No word on who keeps track of these things.
THEY WORK ALL THE ANGLES
And just in case any reporter or photographer somehow could possibly have missed the banners and signs in the Media Filing Center, ASU distributed ASU logo T-shirts with the press kits.
Naturally, the shirts are maroon — with a white ASU logo on the front and a full-color 2004 Presidential Debate design showing Gammage Auditorium on the back.
The shirts also illustrate why outsourcing ought to be a topic for the candidates: They were were made in Honduras.
EXPELLED FOR CHEATING
More than 15,000 people applied for between 25 and 100 seats set aside for students inside Gammage Auditorium. ASU picked 300 names at random. But they made the lucky winners come in and prove they were really students.
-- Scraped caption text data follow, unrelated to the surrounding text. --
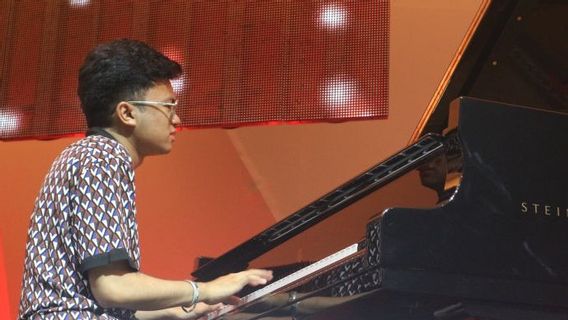 Java Jazz 2023の2日目の要約:ジョーイ・アレクサンダーとコリー・ウォンが聴衆に催眠術をかけたアクション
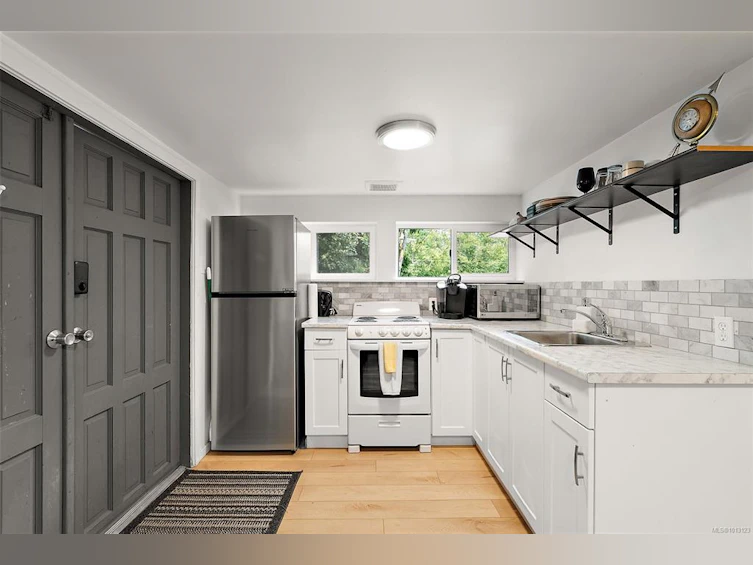 729 Latoria Road, Langford, BC, V9C 4J1 - 17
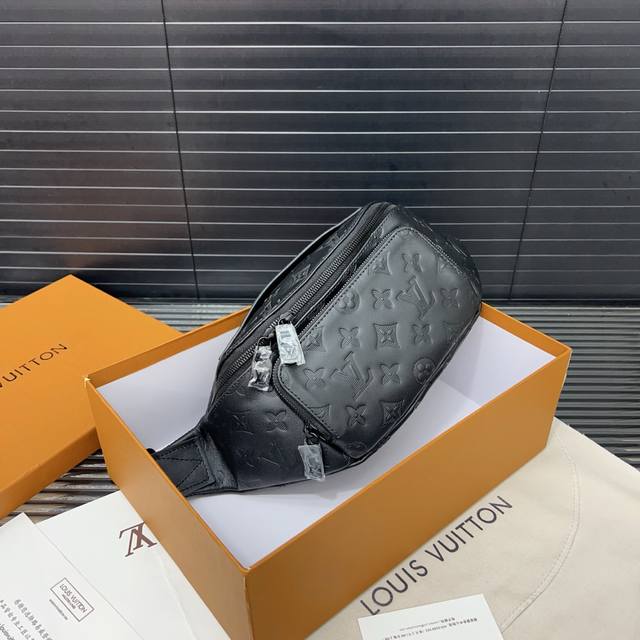 Louis Vuitton Original Leather Bumbag Rush Waist Bag, Crossbody Chest Bag, Actua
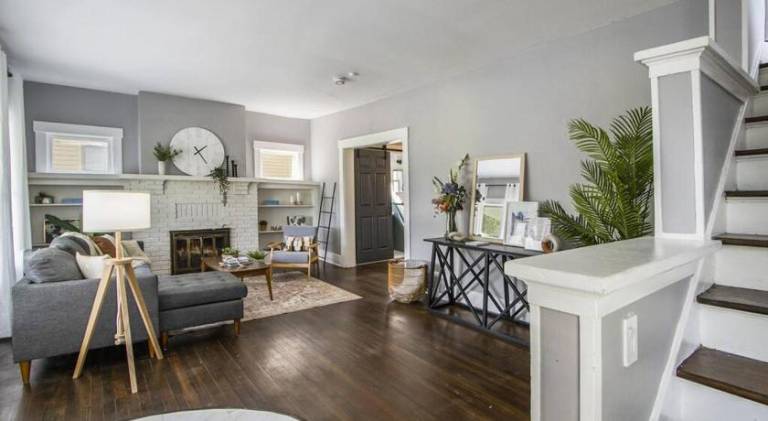 Entire 4 Bdrm Beautiful Home Next to WMU/K College — photo 2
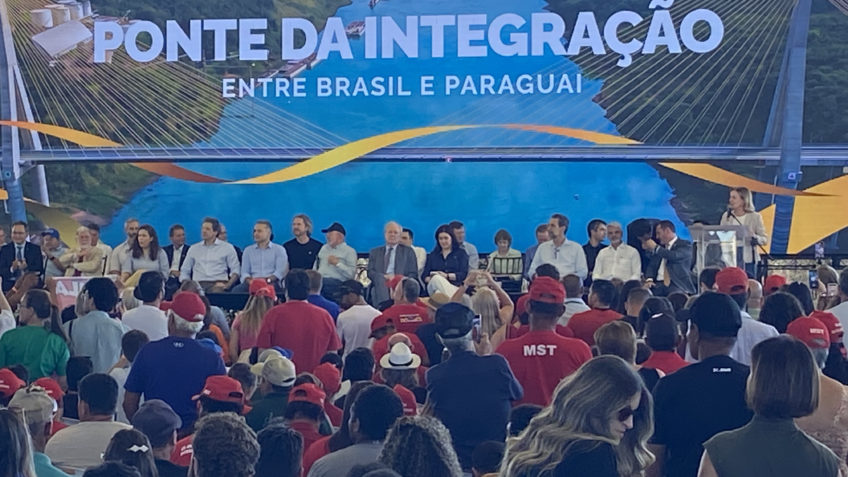 Gleisi diz que família Bolsonaro colocou “faca no pescoço do Brasil”
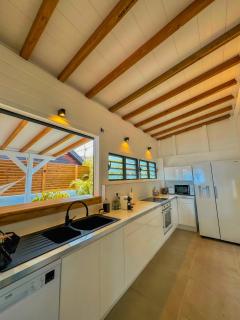 Kay Alice - Beachfront Villa - 7
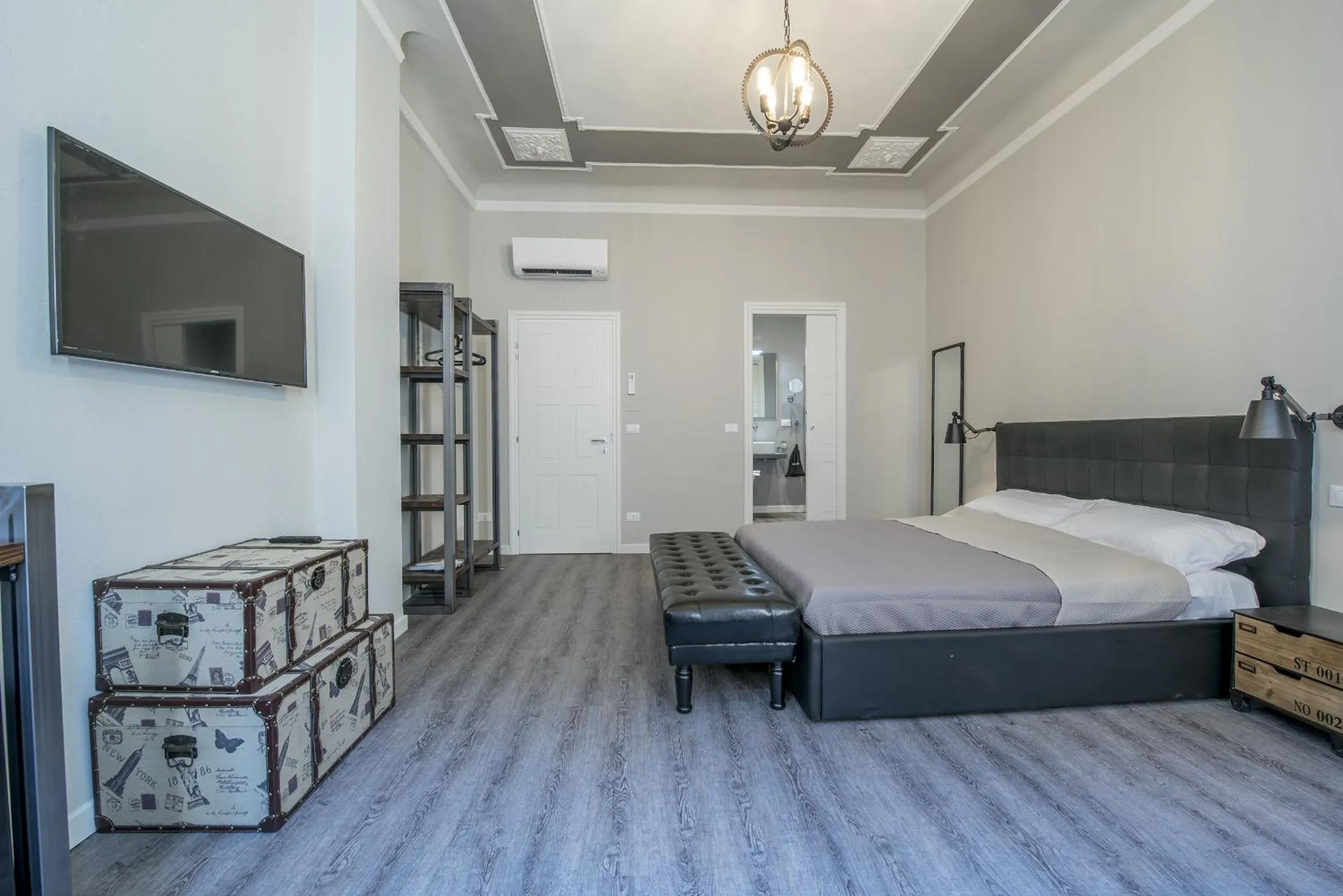 Bed in Steam House Room & Breakfast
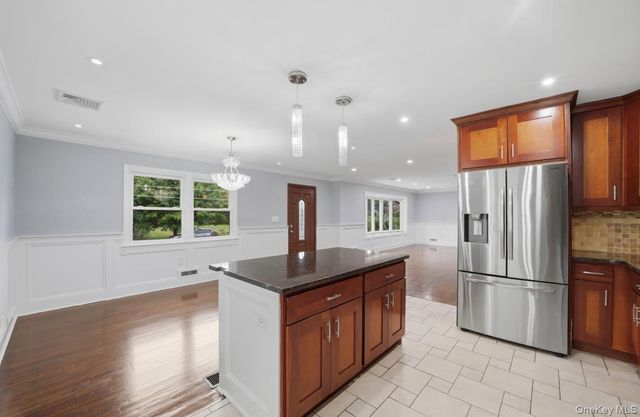 87 Woodlawn Avenue, New Rochelle, NY 10804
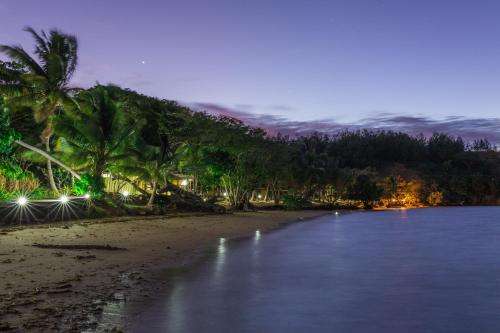 www.surffijiislands.com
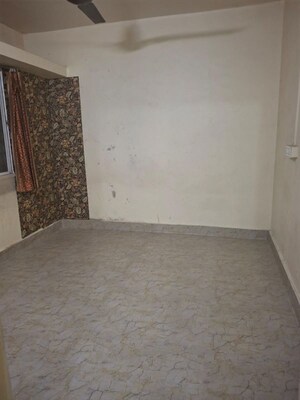 Room in 1 BHK Apartment at Lunkad Daffodils, Viman Nagar – for Rent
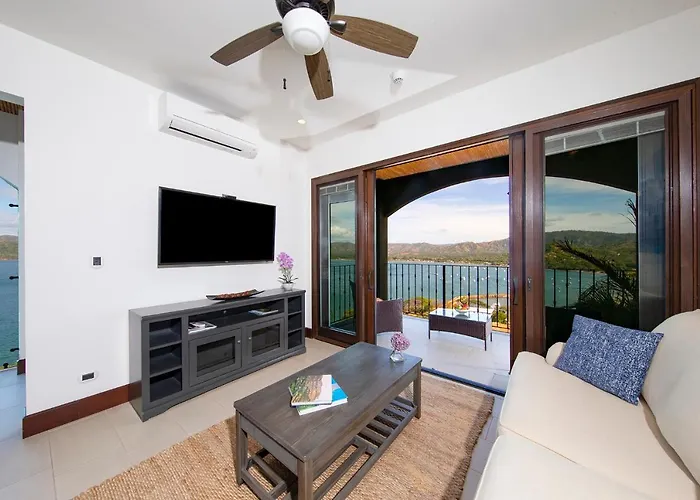 360 Splendor Del Pacifico Residences 4*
Turns out about a third of them were just regular citizens of the nonmatriculating type trying to get in on the student tickets. Now, says Terri Schafer of ASU’s media relations office, tickets will be issued in the order of who was drawn first until they run out.
Tempe Mayor Hugh Hallman tried to hold a news conference Tuesday at the Twin Palms Hotel across from Gammage Auditorium at about the same time President Bush landed in Phoenix. That must have been why so few television news crews attended Hallman’s gig, said Twin Palms front desk worker Jim Curran. "It looked like the only people here for the mayor were Telemundo," he said.
THE SHOW WILL GO ON
A Maricopa County Superior Court judge has ended Libertarian presidential candidate Michael Badnarik’s lawsuit to stop the debate or let him on the stage with Bush and Sen. John Kerry. The judge said he was troubled that the Libertarians waited until the last minute when they knew about the Tempe debate for a year.
FILL IN THE BLANK
Protest is an art form for Chuck Banaszewski, 32, a doctoral student in theater at ASU.
Wearing a T-shirt that said only "Protester," he held a large empty picture frame Tuesday in front of the Memorial Union. When asked what he’s protesting, he asks back, "What would you protest?"
His point? He wants people to think about what makes them mad and what they can do about it.
"Maybe they’ll go home and think about it, and become active somewhere down the line," he said.
KNXV-TV (Channel 15) is working with the Tribune for a live postdebate special, "Democracy 2004: The Final Debate,’’ which will air from 8 to 9 p.m. today.
In-studio guests will be joined by more than 200 audience members representing undecided Democrats, Republicans and independents. They will talk about the debate and whether they were swayed by either candidate. The audience will be asked to determine who they think won the debate.